As part of this work we’ve wanted to start building a place on the web where all these materials live. This has required not only describing the files, but also putting all the files in one place so that access can be provided. In principle this sounds simple. But it turns out that collecting the files from all these diverse locations poses significant challenges, because their context matters. The filenames, and the directories they are found in, are sometimes the only descriptive metadata that exists for this data.

In short, the original order matters. But putting this content on the web means that the files need to be brought together and connected with their metadata programmatically.

This is how I stumbled across the mimetypes module. I’ve been writing some throwaway code to collect the files together into the same directory structure while preserving their original filenames and locations in an Airtable database.

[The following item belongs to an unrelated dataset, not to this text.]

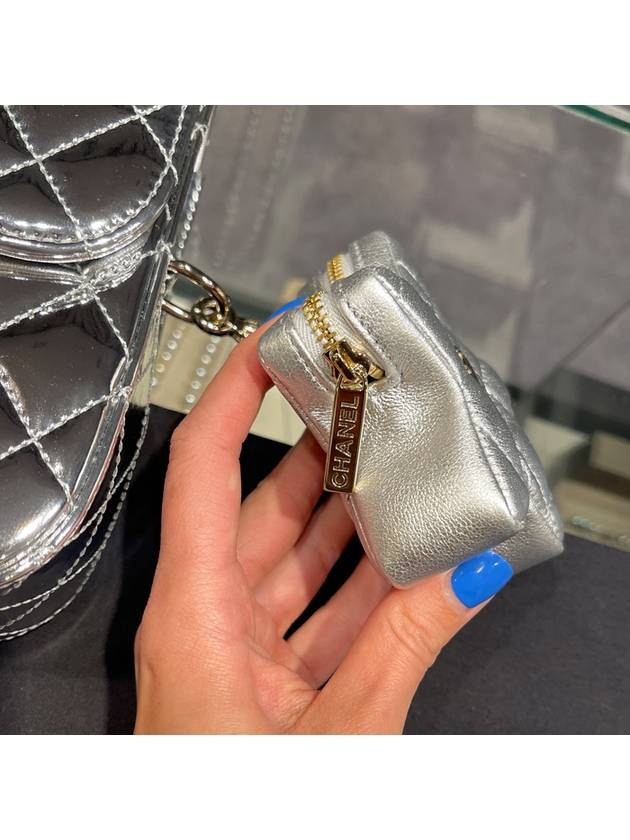 Backpack Metallic Star Bag Silver Flap - CHANEL - BALAAN 4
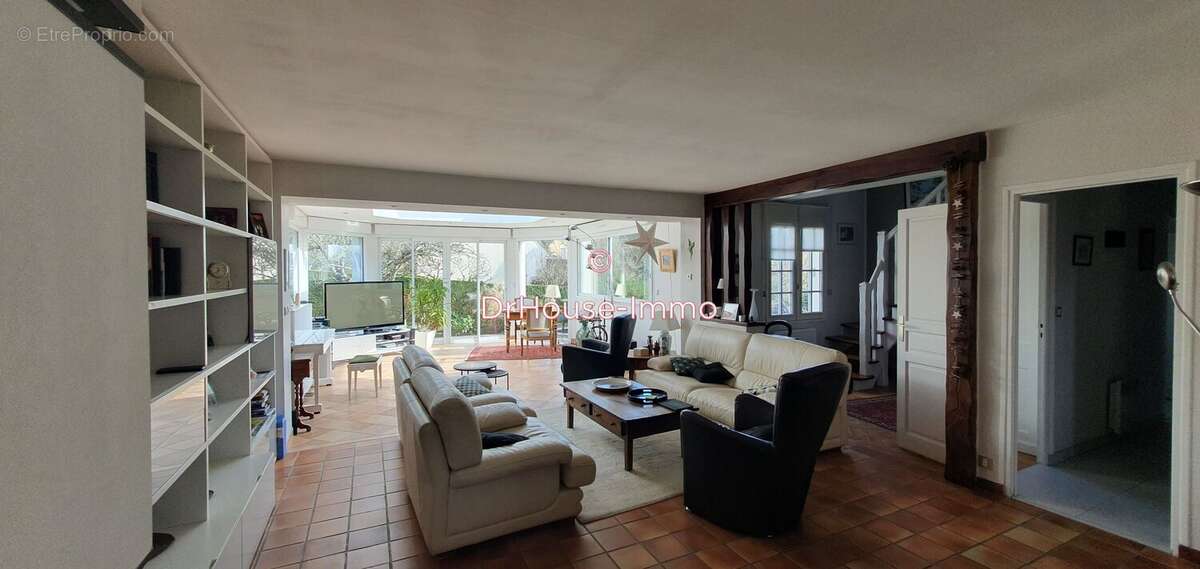 Maison 200 m² à Saint-Paul  - photo 4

I’ve been using the magic module to identify the format of the file, which is used to copy the file into a Dropbox storage location.

The extension is important because we are expecting this to be a static site serving up the content and we want the files to also be browsable using the Dropbox drive. It turns out the mimetypes.guess_extension is pretty useful for turning a mediatype into an file extension.

I’m kind of surprised that it took me this long to discover mimetypes, but I’m glad I did. As an aside I think this highlights for me how important Git can be as an archive and research method for software studies work.